The output (made with JUNG graph visualization library) is then displayed on screen. You can watch the object's being created and the data flow evolving in "realtime" (debugging is very slow, hence the quotes).

For the simple example, it looks nice. The green dots are application code, orange dots are java.* classes. The little orange dot in the bottom right corner is probably the Class's string constant pool, just ignore it for now.
You can see that the example data (the constant string Chuck Norris) flows into a Person object and it also somehow flows into the Order object. Note that the diagram does not show that the Application was involed in any way, e.g. that the application was under control when the data was copied from the Person object into the Order object. This may seem a little odd at first, since as a human we tend to see the Person object as the sole owner of the String Chuck Norris. But in the virtual reality, the String owns itself of course, since it's a normal Object and lives in the constant pool space.

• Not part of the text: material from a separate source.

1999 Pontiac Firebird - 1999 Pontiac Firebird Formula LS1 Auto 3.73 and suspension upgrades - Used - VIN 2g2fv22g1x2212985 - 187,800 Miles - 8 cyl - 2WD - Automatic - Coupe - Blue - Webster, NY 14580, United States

I'm not sure if it would be better to see data as edges instead of vertices. But if data objects like the string are represented as standalone vertices, they can be referenced multiple times and their value flows into other objects. The more often the value flows from one object to another, the more weight can be put into the edge's stroke. You can see this in the example above. The edge between "Chuck Norris" and the Person object is thicker when more data flows.

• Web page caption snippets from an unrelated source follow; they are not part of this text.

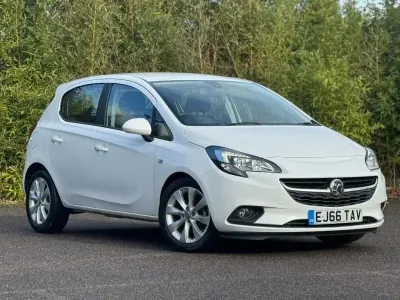Used Vauxhall Corsa S 90 HP (66 kW) 2016 White Hatchback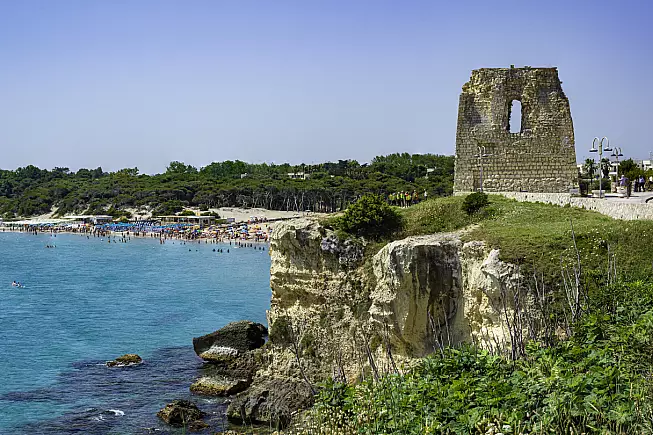 Torre dell'Orso, una delle spiagge più famose del Salento, amata da tanti turisti balneari che la scelgono per andare al mare a Melendugno. 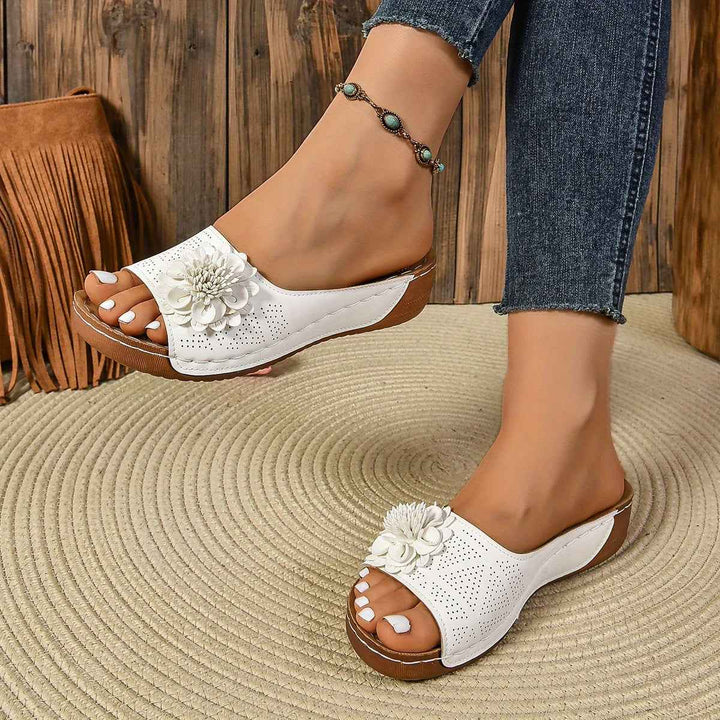 Comfortable Women's Slide Sandals with Orthopedic Support White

The Person accesses the String object in its constructor (1) the first time:
public class Person {
private final String name;
public Person(String name) {
this.name = name; // (1)
}
public String getName() {
return name; // (2)
}
}
and then a second time when its getter method accesses the value (2), to return it to the application which forwards it to the setter method of the Order. Since the setter method in the Order is only called once, it is the sole and last access (3) from the Order to "Chuck Norris" and therefore is only a thin line.
public class Order {
private String buyer;
public void setBuyer(String buyer) {
this.buyer = buyer; // (3)
}
}
The main problem with using JDI, besides that it was not meant for this kind of processing, is that it's very unstable. The VM crashes regularly:
# A fatal error has been detected by the Java Runtime Environment: # # EXCEPTION_ACCESS_VIOLATION (0xc0000005) at pc=0x000000006dd098a0, pid=10416, tid=5180 # # JRE version: 6.0_16-b01 # Java VM: Java HotSpot(TM) 64-Bit Server VM (14.2-b01 mixed mode windows-amd64 ) # Problematic frame: # >>>STDOUT>>> V >>>STDOUT>>> [jvm.dll+0x4798a0] # >>>STDOUT>>> # An error report file with more information is saved as: # E:\workspaces\workspace\sandbox-debugging\hs_err_pid10416.log >>>STDOUT>>> # # If you would like to submit a bug report, please visit: # http://java.sun.com/webapps/bugreport/crash.jsp # Program exited:1
How sad. Perhaps I should check out AspectJ for my toy project instead of the debugger api.

Have you tried if it works better when using a more up to date hotspot version? (Also a 32bit client vm?)